Your task. Transcribe the line that contains "グレースコート西宮の玄関" and every line after it to the end of the records, exactly and nothing else. Skip the pictures.

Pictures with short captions
+ + + +

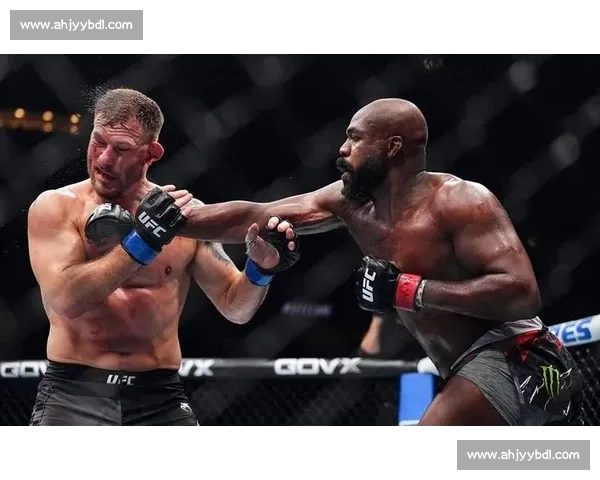 UFC214世纪二番战琼斯终结科米尔再登轻重量级王座之夜全面统治传奇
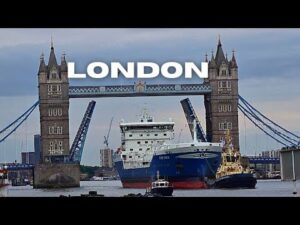 London Tower Bridge opens for FURE VINGA CARGO SHIP 🚢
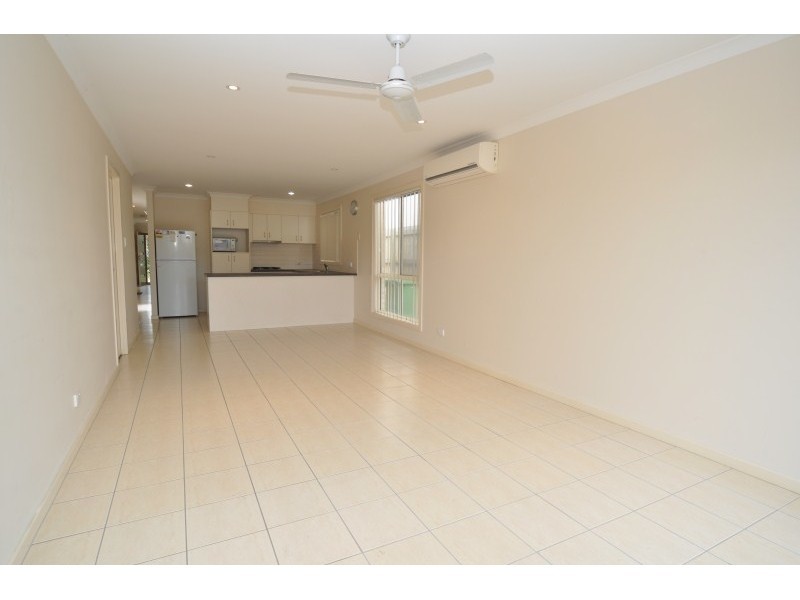 8 Silver Gull Street, Coomera QLD 4209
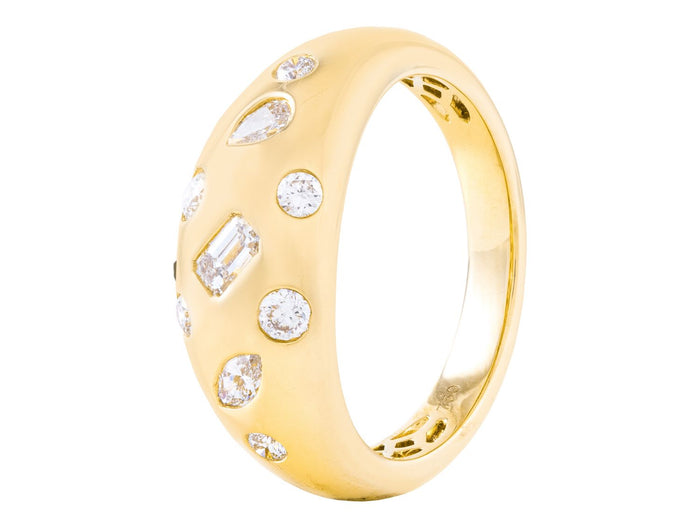 Diamond Ring - 18 KT Yellow Gold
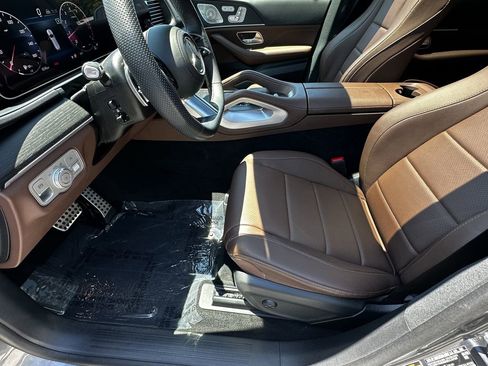 Certified 2024 Mercedes-Benz GLS 450 4MATIC image 10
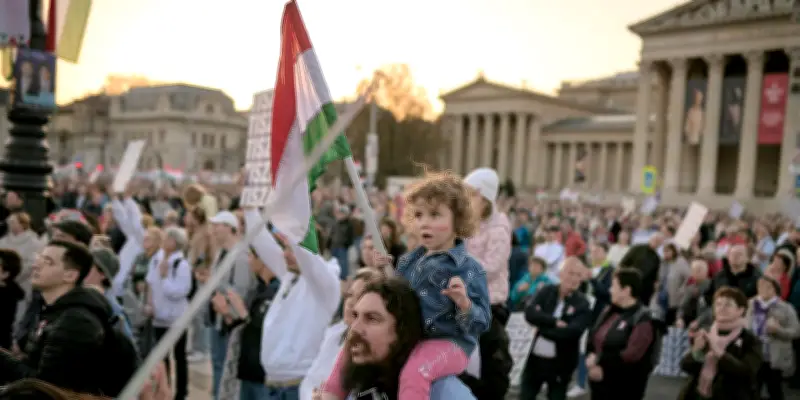 Hongrie : À la veille des législatives, une ambiance de fin de règne plane sur le pays d'Orbán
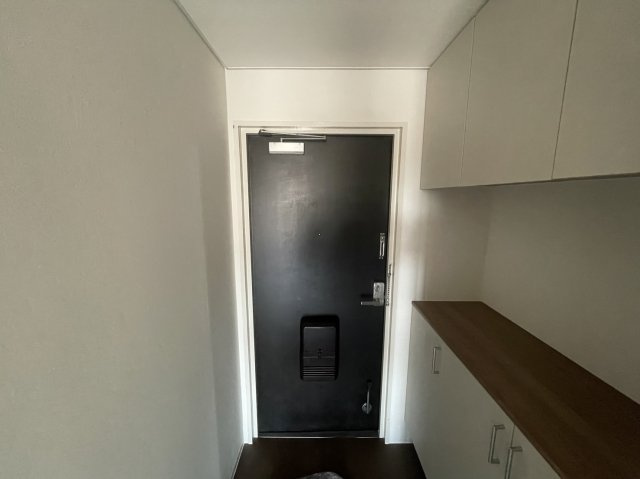 グレースコート西宮の玄関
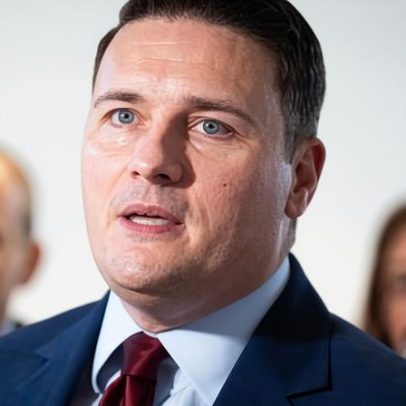 Streeting perde chances de reeleição em mensagens de WhatsApp com Mandelson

+ + + +

Task solution.
 グレースコート西宮の玄関
 Streeting perde chances de reeleição em mensagens de WhatsApp com Mandelson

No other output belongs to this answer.